程府早早就上了灯,阖府上下都悉数忙绿起来。

怀德穿上了全素的孝服,坐在妆镜前,菱角站在怀德身后,帮她梳起堕马髻。

怀德还特意吩咐菱角抹了桂花头油上去,乌黑的泛着光泽。

按照上辈子的轨迹,今晚她就会被沉塘淹死。无论结果如何,这发都是最后一次梳了。

菱角等会也被安排出了府,等会她的父亲接她回家。

怀德缓缓拿起桌面上的一只打磨过的银钗,插进了发中。

菱角扶着怀德起身。

稚嫩的小脸不复之前的调皮灵动,而是凝重。

“少夫人,你和我说的我都记住了。”

怀德攥了攥菱角的手,安慰道:“不用紧张,后果我自己来担。”

想笑一笑,可提着嘴角,怎么也笑不出来了。

转身深呼一口气,旋即推开了房门,大步迈了出去。

今天是个阴天,刮着风,鼓动着怀德身上的白衣,透着肃穆和死寂。

程府的大门开着。前厅里来了宗族里面年轻力壮的男人,过来帮着抬灵。

女眷们都过来打招呼,可怀德心不在此,只匆匆点了点头。

见人已经到齐。众人合心使力,黑木棺椁抬起,送灵的队伍一路向村头的祠堂走去。

走在最前面引路的是程老爷,不时拿着黄白的纸跺散于空中。

伴着丝丝弱弱的泣声。

队伍行过月沼,平静的池塘,没有波澜。阴云的倒影投在水面上,一片乌墨之色。

清晨的水汽还没有褪下,水塘边上的鹅卵石十分的湿滑,众人都小心翼翼且沉默地走着。

队伍前方传来敲打之声,怀德一手撑起宽大的孝帽,向前看去。

空中飘摇着一张孤零的纸钱,顺着风,游荡到了水面。

漆黑的水面瞬时动了一下,沉寂在水下的鲤鱼突然跃出,一口吞了纸钱,又落回水中。

消失无影,众人都没有在意这一幕。

唯有怀德,瞳孔紧缩,手心冰凉。

脑海中回想起那日凄惨的境遇——

阴森,湿冷的水,从池塘里爬出来,变成了水鬼。爬上她的脚腕,缠着她去死。

绝望扼住了喉咙,她控制不住的颤栗。

她想逃,她怕了……

脚下一抖,向后摔去。

怀德闭上了眼。

一只有力温暖的手掌,扶住了她的后背,帮她向前站稳。

“少夫人,小心。
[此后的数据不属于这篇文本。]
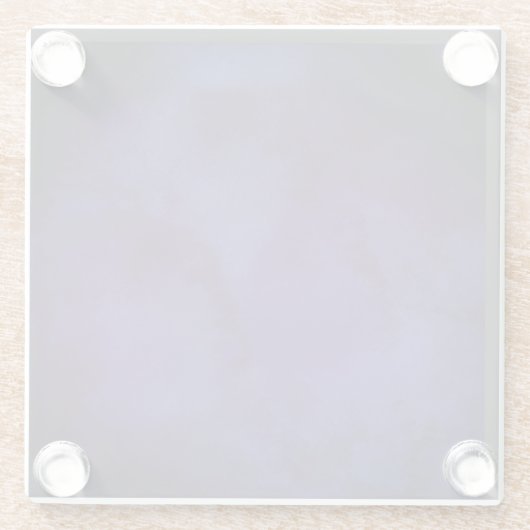 Navy blue Design Coaster Glasuntersetzer (Rückseite)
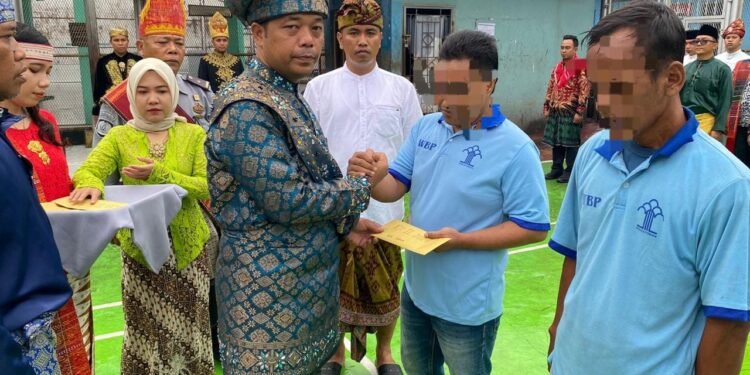 Rutan Kelas IIB Tanjung Pura Kanwil Kemenkumham Sumut Gelar Upacara HUT RI Ke-79
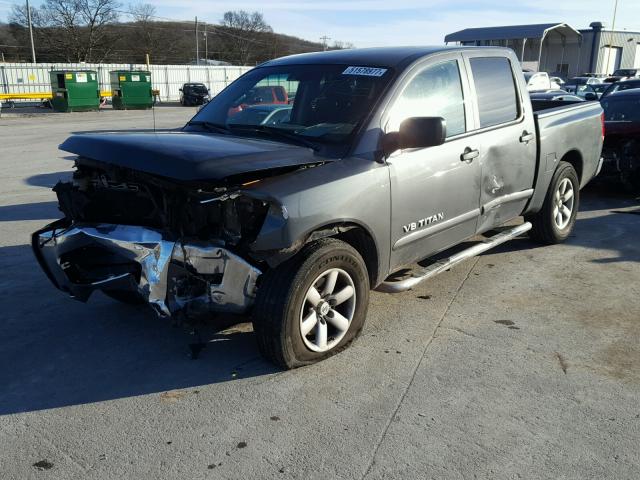 1N6BA0EK5CN317387 - 2012 NISSAN TITAN S CHARCOAL photo 2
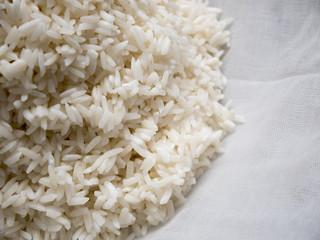 The grain is stacked on a white background.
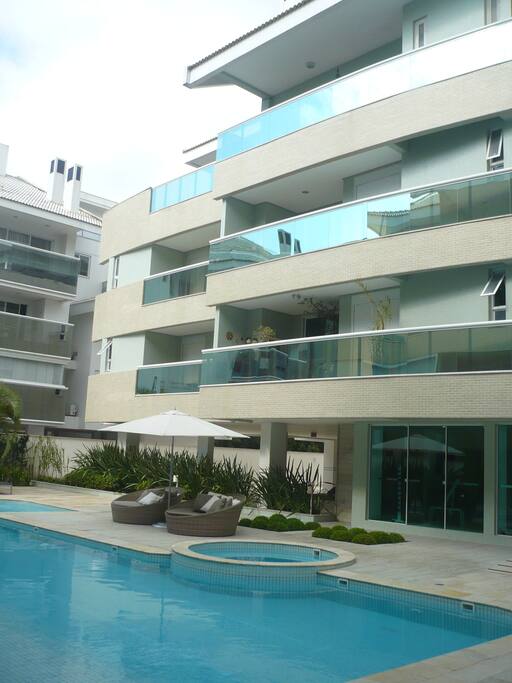 Apartamento Luxo Climatizado Jurere Internacional - 플로리아노폴리스의 아파트에서 살아보기, Santa Catarina, 브라질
”

怀德缓动着脑袋,回身看去,是郝妈妈。

她眨眨眼,唇角翕张,想要说些什么。

郝妈妈摇摇头。

大手仍旧用力托着她,只道:“少夫人,只管往前走,老奴扶着你。”

怀德僵硬着转回身子,默然麻木的跟着队伍前进。直到队伍走到了村口的程氏宗祠。

棺椁一路抬进了享堂,供案上摆着程氏的祖宗牌位,两侧乌木上挂着楹联。

怀德带着女眷下人,都跪在了祠堂一进间的厅里。

双膝贴在石板上,听着享堂里面鞭声和哭灵。

一跪就是两个时辰,怀德僵硬的脑袋渐渐缓过来,那刺骨的恐惧才消散掉。

不能怕,这个时候自己要坚持住。

要是逃了,就功亏一篑。

她理了理思绪,分了神向祠堂外看去,在等菱角过来。

做完了仪式,程家老爷带着宗亲入了祠堂里的小屋,商量着明日下葬一事。

朝着程家跟来的下人说道:“你们都先回吧,等过了晌午再来。”

众人们也多是乏累,就连最为持重的郝妈妈也起了身,听从了程老爷的吩咐。

可怀德却不肯走,佯装悲痛,“不,我再陪陪程婴,明日一过……可就再见不到了。”

见怀德悲痛,程老爷索性让怀德留下,等累了再自行回府去。

其余女眷们跨过祠堂高高的门槛,先散了去。

厅里一时只留下怀德,眼泪擦干,她默然的望着天。

等待着菱角现身。

又过了一炷香,菱角攀着祠堂的门边朝怀德勾勾手指。

怀德心领神会,起了身。

她攥紧了双手,成败在此一举。

*

冯玉今早起了大早,他是抬棺人之一,本来不愿意触死人的眉头,奈何母亲非要让他去。

谁知道出了西小院的路上,怀德身边的小丫鬟凑过来告诉他,小娘子约他在祠堂边上的杏林里见面。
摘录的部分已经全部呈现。